Exercise directions →
Return each line of the material verbatim.

Records supplied →
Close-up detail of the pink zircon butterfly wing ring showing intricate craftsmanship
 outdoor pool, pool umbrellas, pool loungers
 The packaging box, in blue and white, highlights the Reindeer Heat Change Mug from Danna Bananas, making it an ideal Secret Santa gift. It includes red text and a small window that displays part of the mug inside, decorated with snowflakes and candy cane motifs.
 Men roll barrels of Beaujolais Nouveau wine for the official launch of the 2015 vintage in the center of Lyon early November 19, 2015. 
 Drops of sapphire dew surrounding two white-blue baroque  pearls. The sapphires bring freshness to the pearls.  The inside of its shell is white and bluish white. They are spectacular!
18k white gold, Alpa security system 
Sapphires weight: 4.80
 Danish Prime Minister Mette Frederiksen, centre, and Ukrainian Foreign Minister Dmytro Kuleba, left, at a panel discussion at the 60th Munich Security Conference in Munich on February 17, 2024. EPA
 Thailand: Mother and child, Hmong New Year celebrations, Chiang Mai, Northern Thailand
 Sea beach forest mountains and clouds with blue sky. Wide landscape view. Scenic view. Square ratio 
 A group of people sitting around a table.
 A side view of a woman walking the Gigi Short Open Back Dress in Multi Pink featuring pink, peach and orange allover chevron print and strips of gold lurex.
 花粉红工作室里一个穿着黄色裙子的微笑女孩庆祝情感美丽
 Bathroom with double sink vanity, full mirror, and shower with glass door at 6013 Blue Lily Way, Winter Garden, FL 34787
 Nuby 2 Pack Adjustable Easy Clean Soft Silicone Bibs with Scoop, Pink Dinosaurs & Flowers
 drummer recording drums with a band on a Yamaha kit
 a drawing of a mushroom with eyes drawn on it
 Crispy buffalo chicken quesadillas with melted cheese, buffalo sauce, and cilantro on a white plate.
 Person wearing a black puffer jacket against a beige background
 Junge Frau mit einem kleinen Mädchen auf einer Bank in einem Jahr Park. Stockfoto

Reply →
Close-up detail of the pink zircon butterfly wing ring showing intricate craftsmanship
 outdoor pool, pool umbrellas, pool loungers
 The packaging box, in blue and white, highlights the Reindeer Heat Change Mug from Danna Bananas, making it an ideal Secret Santa gift. It includes red text and a small window that displays part of the mug inside, decorated with snowflakes and candy cane motifs.
 Men roll barrels of Beaujolais Nouveau wine for the official launch of the 2015 vintage in the center of Lyon early November 19, 2015. 
 Drops of sapphire dew surrounding two white-blue baroque  pearls. The sapphires bring freshness to the pearls.  The inside of its shell is white and bluish white. They are spectacular!
18k white gold, Alpa security system 
Sapphires weight: 4.80
 Danish Prime Minister Mette Frederiksen, centre, and Ukrainian Foreign Minister Dmytro Kuleba, left, at a panel discussion at the 60th Munich Security Conference in Munich on February 17, 2024. EPA
 Thailand: Mother and child, Hmong New Year celebrations, Chiang Mai, Northern Thailand
 Sea beach forest mountains and clouds with blue sky. Wide landscape view. Scenic view. Square ratio 
 A group of people sitting around a table.
 A side view of a woman walking the Gigi Short Open Back Dress in Multi Pink featuring pink, peach and orange allover chevron print and strips of gold lurex.
 花粉红工作室里一个穿着黄色裙子的微笑女孩庆祝情感美丽
 Bathroom with double sink vanity, full mirror, and shower with glass door at 6013 Blue Lily Way, Winter Garden, FL 34787
 Nuby 2 Pack Adjustable Easy Clean Soft Silicone Bibs with Scoop, Pink Dinosaurs & Flowers
 drummer recording drums with a band on a Yamaha kit
 a drawing of a mushroom with eyes drawn on it
 Crispy buffalo chicken quesadillas with melted cheese, buffalo sauce, and cilantro on a white plate.
 Person wearing a black puffer jacket against a beige background
 Junge Frau mit einem kleinen Mädchen auf einer Bank in einem Jahr Park. Stockfoto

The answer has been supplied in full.